TASK DIRECTIONS:
Your answer must be the full set of entries, repeated exactly.

MATERIAL PROVIDED:

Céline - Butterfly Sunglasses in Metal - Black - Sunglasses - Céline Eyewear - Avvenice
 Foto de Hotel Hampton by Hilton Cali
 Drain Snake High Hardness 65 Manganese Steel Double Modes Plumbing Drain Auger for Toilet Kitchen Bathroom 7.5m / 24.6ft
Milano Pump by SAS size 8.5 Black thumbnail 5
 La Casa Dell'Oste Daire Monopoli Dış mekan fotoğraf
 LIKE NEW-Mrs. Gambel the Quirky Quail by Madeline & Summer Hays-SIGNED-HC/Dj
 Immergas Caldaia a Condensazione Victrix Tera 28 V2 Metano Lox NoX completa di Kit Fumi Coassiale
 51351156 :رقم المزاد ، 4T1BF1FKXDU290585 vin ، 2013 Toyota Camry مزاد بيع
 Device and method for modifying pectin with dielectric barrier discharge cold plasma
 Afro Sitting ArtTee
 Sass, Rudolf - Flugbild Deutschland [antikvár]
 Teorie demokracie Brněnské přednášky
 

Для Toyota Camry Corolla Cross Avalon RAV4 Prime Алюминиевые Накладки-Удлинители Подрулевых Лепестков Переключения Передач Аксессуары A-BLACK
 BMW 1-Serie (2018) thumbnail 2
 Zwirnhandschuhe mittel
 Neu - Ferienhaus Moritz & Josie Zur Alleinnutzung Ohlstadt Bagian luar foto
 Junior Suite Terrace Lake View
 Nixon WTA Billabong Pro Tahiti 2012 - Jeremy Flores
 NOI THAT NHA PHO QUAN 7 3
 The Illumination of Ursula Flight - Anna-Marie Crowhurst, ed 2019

ANSWER TO THIS TASK:
Céline - Butterfly Sunglasses in Metal - Black - Sunglasses - Céline Eyewear - Avvenice
 Foto de Hotel Hampton by Hilton Cali
 Drain Snake High Hardness 65 Manganese Steel Double Modes Plumbing Drain Auger for Toilet Kitchen Bathroom 7.5m / 24.6ft
Milano Pump by SAS size 8.5 Black thumbnail 5
 La Casa Dell'Oste Daire Monopoli Dış mekan fotoğraf
 LIKE NEW-Mrs. Gambel the Quirky Quail by Madeline & Summer Hays-SIGNED-HC/Dj
 Immergas Caldaia a Condensazione Victrix Tera 28 V2 Metano Lox NoX completa di Kit Fumi Coassiale
 51351156 :رقم المزاد ، 4T1BF1FKXDU290585 vin ، 2013 Toyota Camry مزاد بيع
 Device and method for modifying pectin with dielectric barrier discharge cold plasma
 Afro Sitting ArtTee
 Sass, Rudolf - Flugbild Deutschland [antikvár]
 Teorie demokracie Brněnské přednášky
 

Для Toyota Camry Corolla Cross Avalon RAV4 Prime Алюминиевые Накладки-Удлинители Подрулевых Лепестков Переключения Передач Аксессуары A-BLACK
 BMW 1-Serie (2018) thumbnail 2
 Zwirnhandschuhe mittel
 Neu - Ferienhaus Moritz & Josie Zur Alleinnutzung Ohlstadt Bagian luar foto
 Junior Suite Terrace Lake View
 Nixon WTA Billabong Pro Tahiti 2012 - Jeremy Flores
 NOI THAT NHA PHO QUAN 7 3
 The Illumination of Ursula Flight - Anna-Marie Crowhurst, ed 2019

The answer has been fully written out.